It is just brutal pragmatism, going form Apache 2.0 -> AGPLv3 will make a lot of developers and companies unable/unwilling to work on the project at all, which would leave them with the “fork or quit” question, I don’t see the AGPLv3 -> Apache 2.0 flow as being nearly as severe or forcing any of the same questions to the surface.
I am still looking for a decent mail client… and I selfishly want Mailpile to get awesome.
Mailpile is not even out of beta yet. There isn’t a deeply invested community who is relying on the non-copyleftness of it. It’s just the core devs doing almost all the work. There isn’t a whole community to alienate yet with copyleft. This is the right time to make a licensing decision.
In the future, as they themselves acknowledge, copyleft might deter some people from contributing. But since Mailpile currently has no competitor that I know of (free, self-hosted, web-based, privacy-conscious, encrypted and convenient email client), this is when copyleft can be the best tool. If all you can use is nothing or a copyleft package where your only obligation is to pay forward with modifications, the incentive to use it may be larger than the deterrent to give back your modifications.
Y'know what, I’m going to collect all my arguments in this discussion into the blog post that the Mailpile team is requesting.
I know the FSF is big on using the word “freedom”, but I think when we’re describing the requirements of the AGPL, a word like “obligation” or simply “cost” might be more useful. It seems more useful to me to say: “if your site uses AGPL code, you are obligated to share your code under the AGPL” rather than “if your site uses AGPL code, you lose the freedom to keep your code proprietary”.
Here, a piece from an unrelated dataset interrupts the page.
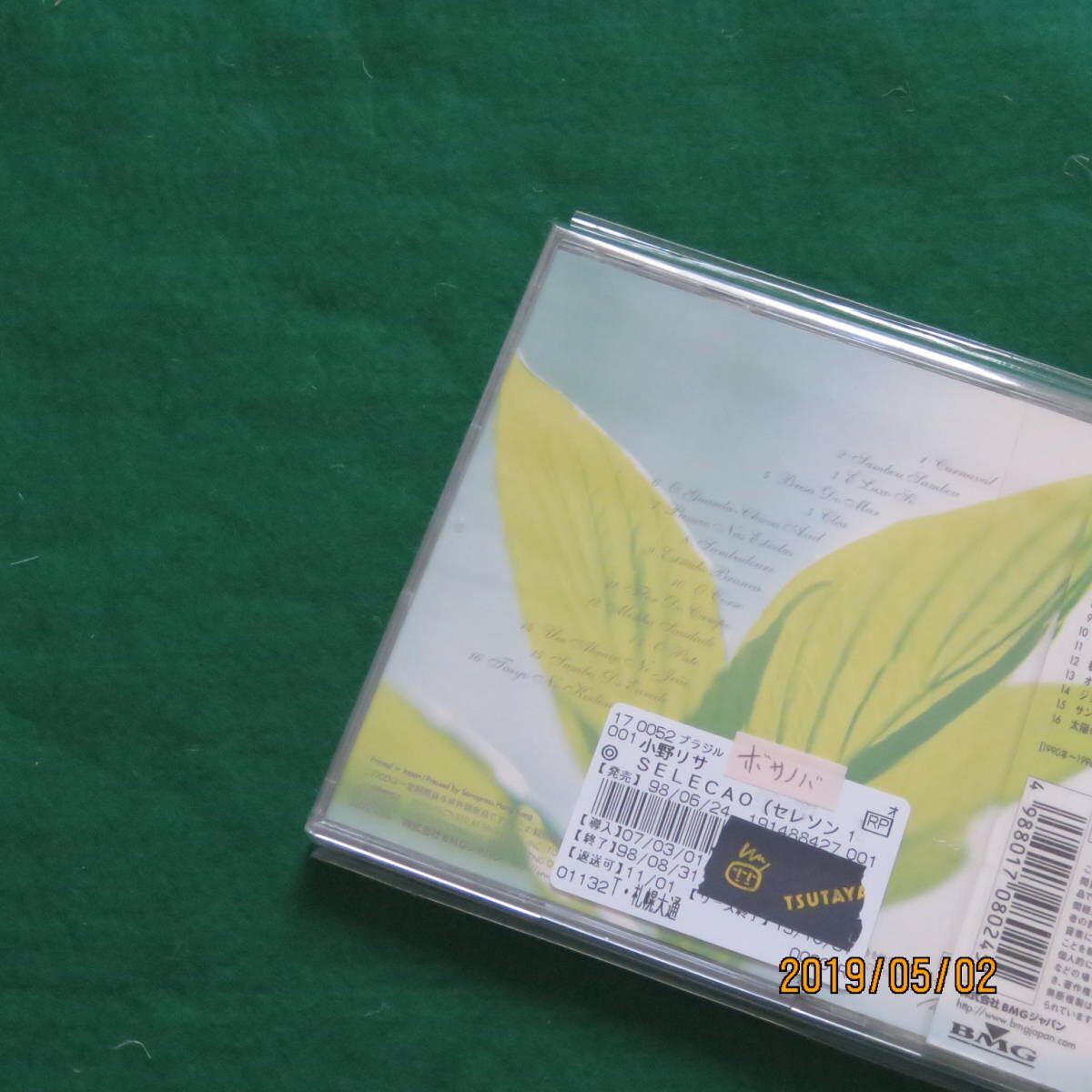 セレソン [audioCD] 小野リサ …_画像2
I realize these are two ways of phrasing the same thing, but I like getting away from the word “freedom” because a big part of FOSS licenses, to me, is that you are receiving code (often at no cost) in exchange for taking on certain obligations. It’s a transaction. When we phrase things in terms of freedom the conversation is overwhelmed by morality, the difference between positive and negative freedoms, and denies the agency of the individuals who choose to use the code or not.
I can’t predict what the Mailpile community will choose, I don’t know anything about their community. But I think your point that they’re less likely to choose the license with more restrictions (or obligations) is a good one.
When we phrase things in terms of freedom the conversation is overwhelmed by morality,
Yes, this is quite intentional. The FSF wants you to think about what is right and moral.
the difference between positive and negative freedoms, and denies the agency of the individuals who choose to use the code or not.
I don’t understand this. How is acknowledging morality reducing agency? Isn’t it quite the opposite? By making you think of morality, it forces you to have to make a choice?
Sorry I was unclear. I know it’s intentional on the part of the FSF, I was trying to say that when humans start thinking about morality we short-circuit a lot of ability to consider anything else, including whether morality is an effective way to understand a topic. I agree with the FSF on most of their points about morality, but I don’t see it produce conversations where folks really try to get in each other’s shoes to understand disagreements.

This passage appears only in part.